Fantasies about smuggling cheap petrol back into India and buying some useless i-pod accessories helped me pass the next fifteen minutes after which I dejectedly joined my mom in the zigzag queue out side the K-mission. It was no co-incidence that everyone in that line was from Kerela and I found myself amidst a rather agitated sounding banter in Malyalam. Now, my mom wasn't too happy about being left out of the conversation and she decided to interrupt this alien conversation using our national language- Hindi.

"Its unfair that they accept visas only for an hour, what about the people behind us in the queue?"

Half-expecting that mother and me will soon be transported to the end of the queue, the oldest amongst them nodded his head in agreement and continued his sermon. My dissatisfied mother also continued championing the cause of under-priviliged visa queue people while I spotted some excitement in Belgium.

The most beautiful six-feet-four-inches of human flesh and blood that ever walked this part of Shantipath-Chankyapuri had come out of his den. This tall-white-ok a weird shade of pink-but breathtakingly handsome Belgian was standing across the road and my weak heart couriered a mental note to my responsible brain- must visit Belgium before I die; also hypothesis stands disproved, while my eyes gazed longingly at the perfect lines that were his body, face and limbs. If we ignore the hot Belgian girl with him in a hotter mustard mini-skirt and the fact that he disappeared around another of those wretched roundabouts in exactly seven seconds- my day had been made.

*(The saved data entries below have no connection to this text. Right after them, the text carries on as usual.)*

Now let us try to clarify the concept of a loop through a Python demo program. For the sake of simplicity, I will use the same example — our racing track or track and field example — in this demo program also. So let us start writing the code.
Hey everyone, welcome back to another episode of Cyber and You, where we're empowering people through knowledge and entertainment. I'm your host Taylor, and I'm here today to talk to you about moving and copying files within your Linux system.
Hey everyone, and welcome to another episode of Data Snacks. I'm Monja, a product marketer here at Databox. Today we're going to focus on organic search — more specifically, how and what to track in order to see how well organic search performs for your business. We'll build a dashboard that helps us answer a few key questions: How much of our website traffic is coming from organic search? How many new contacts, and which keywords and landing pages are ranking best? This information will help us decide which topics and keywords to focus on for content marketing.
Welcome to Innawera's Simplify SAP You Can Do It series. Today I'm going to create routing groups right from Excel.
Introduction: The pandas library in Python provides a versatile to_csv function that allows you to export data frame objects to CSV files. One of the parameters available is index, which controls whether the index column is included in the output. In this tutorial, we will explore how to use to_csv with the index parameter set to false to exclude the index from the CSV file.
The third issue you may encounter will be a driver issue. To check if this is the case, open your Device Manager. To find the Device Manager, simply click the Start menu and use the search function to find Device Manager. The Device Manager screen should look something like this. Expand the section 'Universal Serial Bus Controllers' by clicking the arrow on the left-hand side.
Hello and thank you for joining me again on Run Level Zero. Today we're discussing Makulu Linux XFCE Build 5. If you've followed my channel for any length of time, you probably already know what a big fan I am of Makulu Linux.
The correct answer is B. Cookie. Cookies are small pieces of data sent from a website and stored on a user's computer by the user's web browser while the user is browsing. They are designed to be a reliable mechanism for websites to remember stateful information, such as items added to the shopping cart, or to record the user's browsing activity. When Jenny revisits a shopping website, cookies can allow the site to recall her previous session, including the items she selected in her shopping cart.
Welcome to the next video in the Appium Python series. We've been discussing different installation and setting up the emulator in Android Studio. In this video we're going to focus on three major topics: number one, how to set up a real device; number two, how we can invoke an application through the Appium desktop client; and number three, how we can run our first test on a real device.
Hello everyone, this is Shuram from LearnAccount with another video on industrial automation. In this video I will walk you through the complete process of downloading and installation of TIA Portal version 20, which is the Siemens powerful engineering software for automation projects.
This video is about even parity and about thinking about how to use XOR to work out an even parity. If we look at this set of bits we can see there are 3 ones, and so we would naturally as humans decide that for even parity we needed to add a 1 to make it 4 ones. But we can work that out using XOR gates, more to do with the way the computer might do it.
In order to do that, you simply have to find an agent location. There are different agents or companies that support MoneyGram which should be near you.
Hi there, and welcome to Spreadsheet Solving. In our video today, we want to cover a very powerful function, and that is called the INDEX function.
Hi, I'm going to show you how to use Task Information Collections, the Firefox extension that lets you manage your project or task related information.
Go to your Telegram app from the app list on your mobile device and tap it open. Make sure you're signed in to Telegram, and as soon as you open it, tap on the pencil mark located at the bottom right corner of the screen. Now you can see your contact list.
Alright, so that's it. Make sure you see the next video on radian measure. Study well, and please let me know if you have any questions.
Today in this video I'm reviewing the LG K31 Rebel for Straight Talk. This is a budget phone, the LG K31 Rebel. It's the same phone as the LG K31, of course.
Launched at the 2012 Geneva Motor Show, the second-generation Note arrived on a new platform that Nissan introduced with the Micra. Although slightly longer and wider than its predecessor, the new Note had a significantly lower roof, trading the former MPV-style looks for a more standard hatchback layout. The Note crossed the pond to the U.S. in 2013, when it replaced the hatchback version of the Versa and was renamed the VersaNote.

It was time to be ushered into the fortress that was the
K mission (maybe I should mention Saddam's death sentence to the nice guard) but we just took two steps to the left, turned right - one step forward and we had entered the submission room. The nice missionary man took our passports and the already stamped and approved resident visas with a smile. He gave me a form and I happily sat down to fill it. Name, Passport no. Phone number. easy easy easy, the rest I was unable to fill. Now, it is not a difficult form, if you don't forget to bring the air-tickets, photocopies of all the documents, and your dad's address in Kuwait. Before my mom could start another lecture on my failure as a travel agent, I handed the form to the missionary man and pretended nothing was wrong.

Now he is the sweetest
missionary man alive and I mean it inspite of my general disdain for diplomats who enjoy diplomatic immunity. They can stab me, chop me, fry me and never will they be arrested, but this one took my incomplete form gladly with the I-will-manage-somehow expression on his face. He then demanded one photograph each and 6000 rupees- the processing charge. A wide smiled appeared on my mom's anxious face and I knew I had been saved from a second trip to the K-mission. She quickly paid the fees but strangely he asked me to write my name on each note. Maybe they plan to return me the money in Kuwait.

I obliged and autographed the wad of notes.

Mission accomplished.

Mother and me happily began our trek back to the Rail Museum's Parking lot, but only after the nice guard refused her permission to use the ladies room. Perhaps diplomatic immunity won't save them from the natives pee. Actually , I have no business complaining, given that the concept of public restrooms never really caught up in my country which prefers to return urea to mother earth in copious amounts. I guess the Ministry of Public Health forgot long ago that we were the ones who started agitating against colonialism and racism by keeping South African loos clean.

This time I knew my way around the roundabouts and I assumed the role of a tourist guide, showing my mom the
Shaolin temple with pride as if I had built it. She was not too impressed. I think her strained bladder walls can be blamed for that.

Back to the car, paid the parking lot guy and reached the main road with the maze of round-abouts stretching before me. Again I applied my diagonal rule and reached the ring road without getting too dizzy, but before I could celebrate my mom gasped loudly-

lo guddu!!!

We had forgotten to give the nice
missionary man our passport-sized photographs.

U-turn......and a repeat performance.